Improvement in the 3rd degree

And so we present the exciting conclusion to Why You Shouldn’t Skip Your Dialysis.  Let’s do a quick case review.  The patient presented with a very wide complex heart rate in the 120’s.  She was treated empirically for hyperkalemia and her QRS narrowed but rate increased to the 180’s.  About 2 minutes after receiving adenosine she converted to this EKG:

20170619_3rd degree

Hallelujah, she’s fixed!  Right?  If you have a system you’ll find the abnormality.  If you don’t you’ll just gestault this as a junctional brady.  Let’s look more carefully.

As always, start with the rate, in this case a little over 50.  What is the rhythm?  Well, it’s narrow complex.  Are there P waves?  In the central part of the EKG there aren’t.  However, you have to look everywhere.  Let’s look more closely inferiorly:


Clearly there are P waves initially, but then they disappear.  What happened?  The answer is in the PR interval.  You can see that the PR interval progressively shortens.  Who can name the condition with a progressively shortening PR interval??? You can’t.  There isn’t one.  This patient now has a 3rd degree heart block and it just so happens that the P-P interval is very close to the R-R interval, close enough that a person could assume a normal relationship between the P and the QRS where the P isn’t buried in the QRS.

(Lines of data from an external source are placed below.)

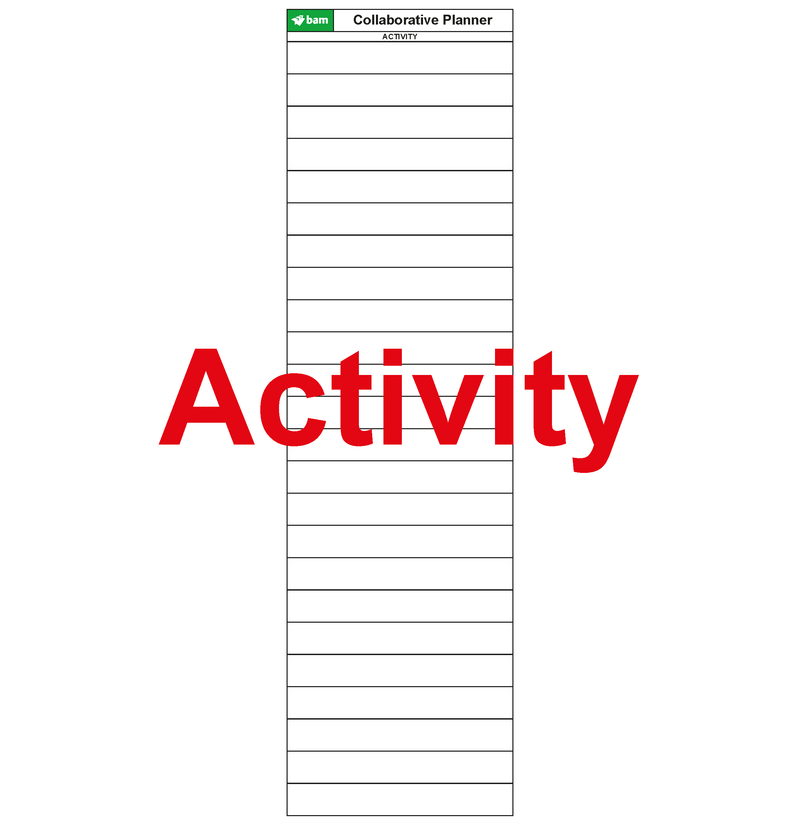Collaborative Planning Boards 560mm x 2000mm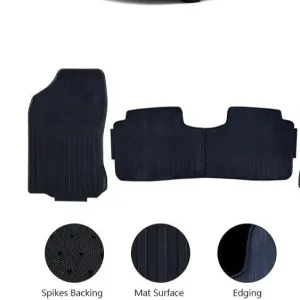 Honda City Rubber Mats Smoke/Beige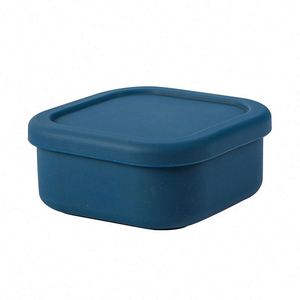 Square Silicone Bento <b>Lunch</b> <b>Box</b> With Lid for Adults - Product Image 2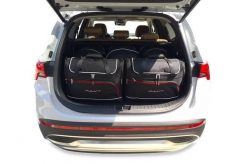 Torby Do Bagażnika Hyundai Santa Fe Hev 2020-2024 5Szt Kjust. Czarne torby podróżne damskie KJUST, bez wzorów, z kauczuku. Za 1,593.00 zł.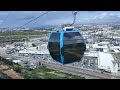 Longest cable car trial ride/ Haifa university to Lev Hamefratz/ Israel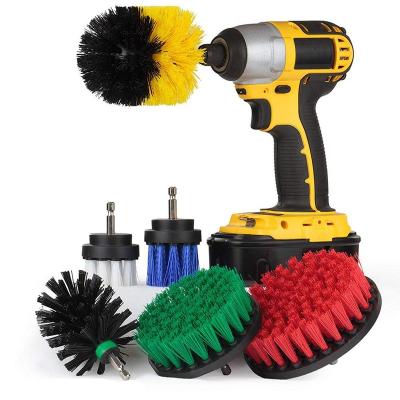 China Cleaning the Hardest Electric Drill Brush Tile Grout Power Scrubber Tub Cleaning Brush Kit for sale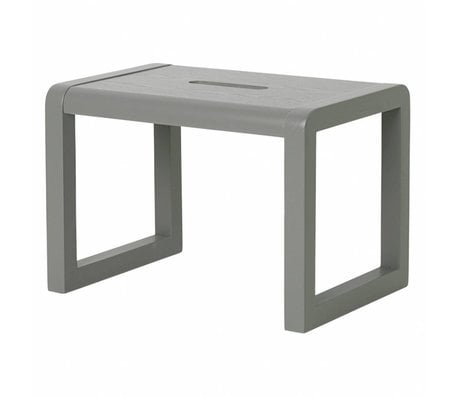 Ferm Living Chair Little Architect gray wood 33x23x23cm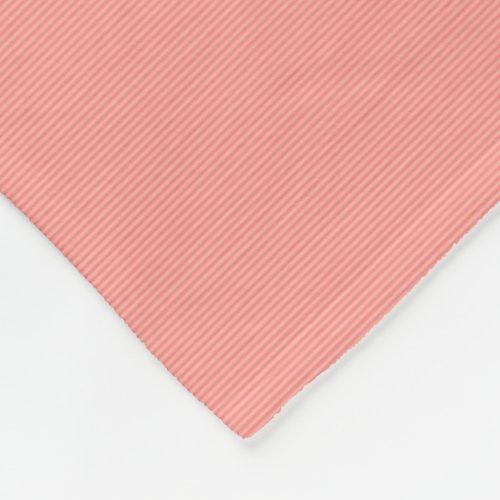 Elegant Trendy Modern Peach Tones Stripes Small Fleece Blanket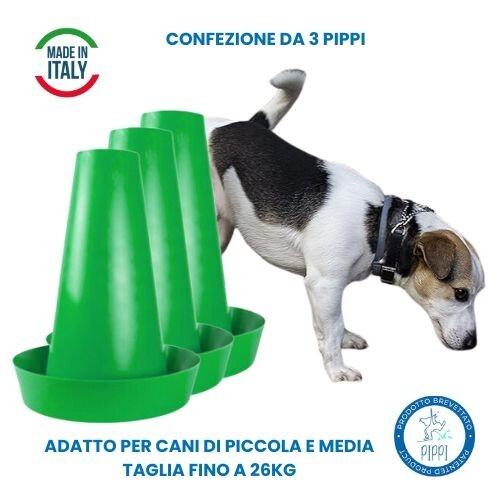 PIPPI 3X Cono Traversine Tappetini Orinatoio Toilette Cani Maschi Accessori Wc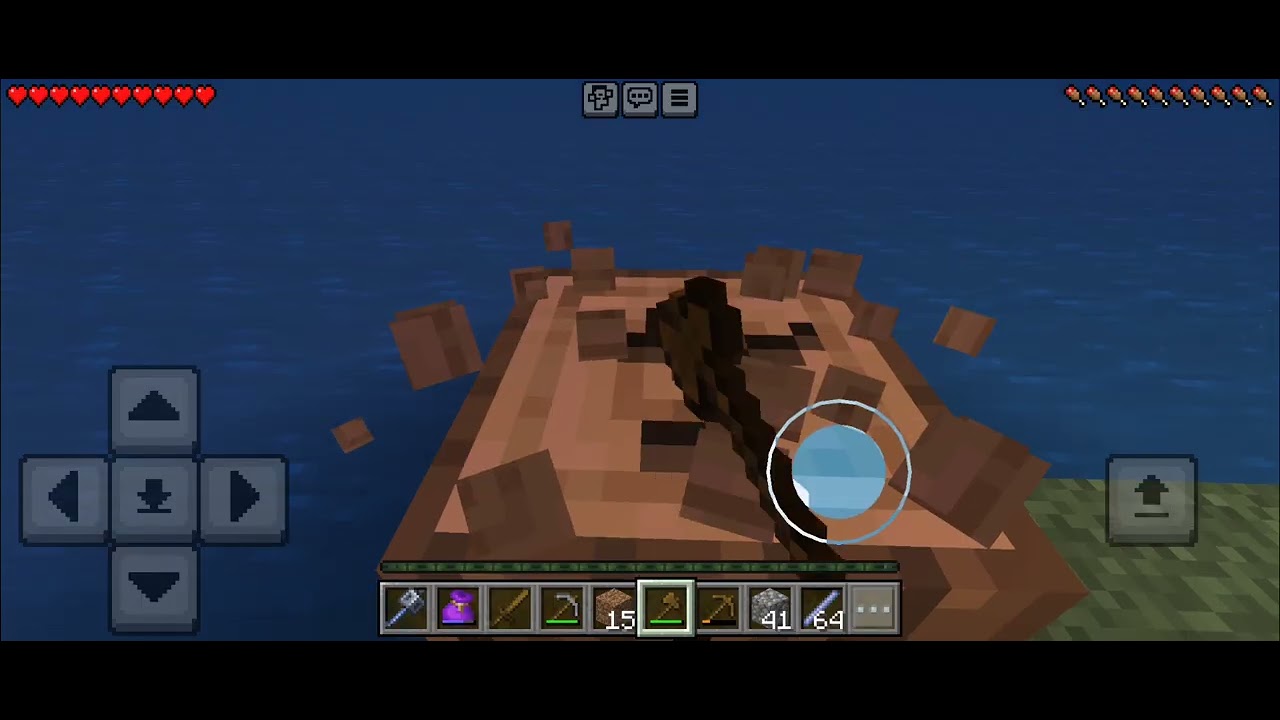 Minecraft island  ep 1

Notice how the P waves re-appear as extra inflection points (the purple dots) in the repolarization cycle in V6:

20170619_3rd degree purple zoom

Here’s the entire EKG again with the P waves flagged:

20170619_3rd degree purple

So, this patient is in 3rd Degree Heart Block with a junctional escape rhythm.  Looking at the rest of the EKG, the QRS has narrowed nicely, but there remains fairly significant T wave peaking, still indicative that the patient remains hyperkalemic.

There’s two take-homes from this EKG.  First, beware shortening PR intervals; it generally indicates 3rd degree heart block.  Second, IN ANY WEIRD BRADYCARDIA, CONSIDER HYPERKALEMIA.  I’ve seen people float pacers in hyperkalemic patients.  They would have saved themselves a lot of time and effort by just fixing the potassium.

For this case dialysis was now ready for the patient and the rhythm was providing enough blood pressure to tolerate dialysis so we sent her there expecting that the block would resolve with fixing the potassium.  It did.